§ **AIM OF THE TASK**:
Once you find the line with "1945 Jamaica One" in the entries below, print it and each line after it up to and including the line with "An Image of", exactly, without pictures.

§ **INFORMATION PROVIDED**:
####
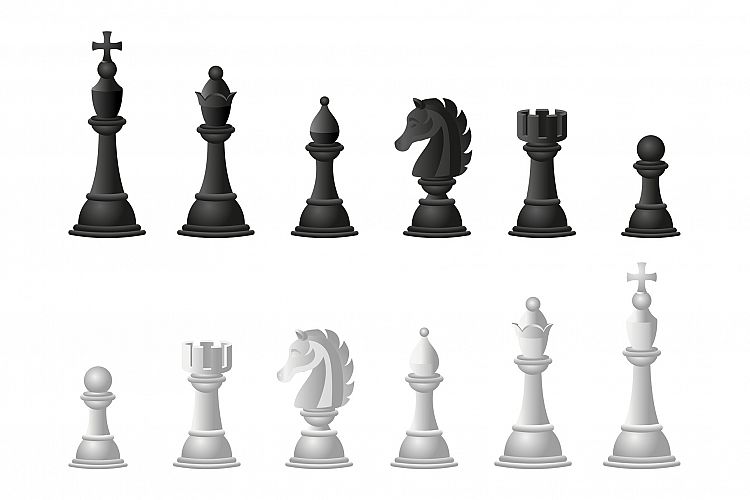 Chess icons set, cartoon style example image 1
####
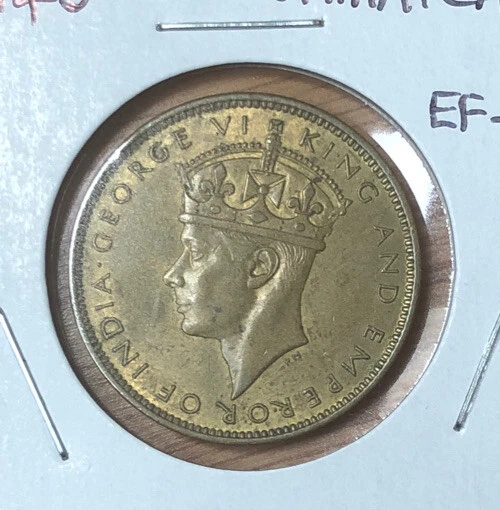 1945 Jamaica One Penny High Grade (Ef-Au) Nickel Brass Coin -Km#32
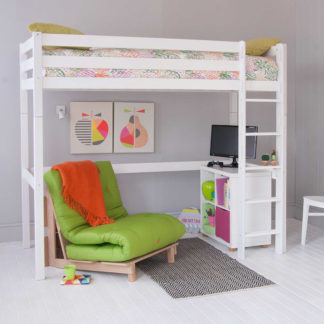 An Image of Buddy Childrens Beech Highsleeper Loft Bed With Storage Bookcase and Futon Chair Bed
####
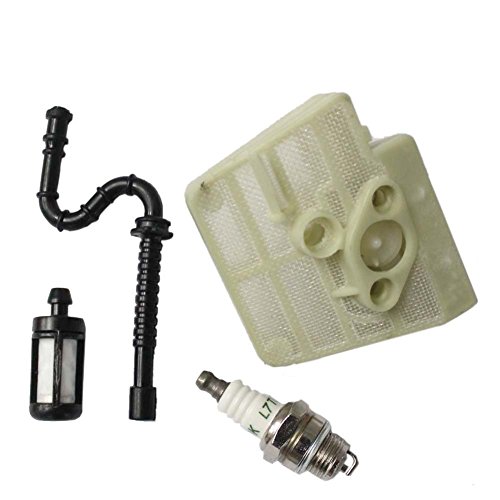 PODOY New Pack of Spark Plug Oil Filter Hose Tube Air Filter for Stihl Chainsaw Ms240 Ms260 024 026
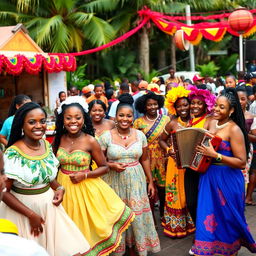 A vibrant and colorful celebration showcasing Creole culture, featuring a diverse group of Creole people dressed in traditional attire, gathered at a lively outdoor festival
####
§ **ANSWER**:
 1945 Jamaica One Penny High Grade (Ef-Au) Nickel Brass Coin -Km#32
 An Image of Buddy Childrens Beech Highsleeper Loft Bed With Storage Bookcase and Futon Chair Bed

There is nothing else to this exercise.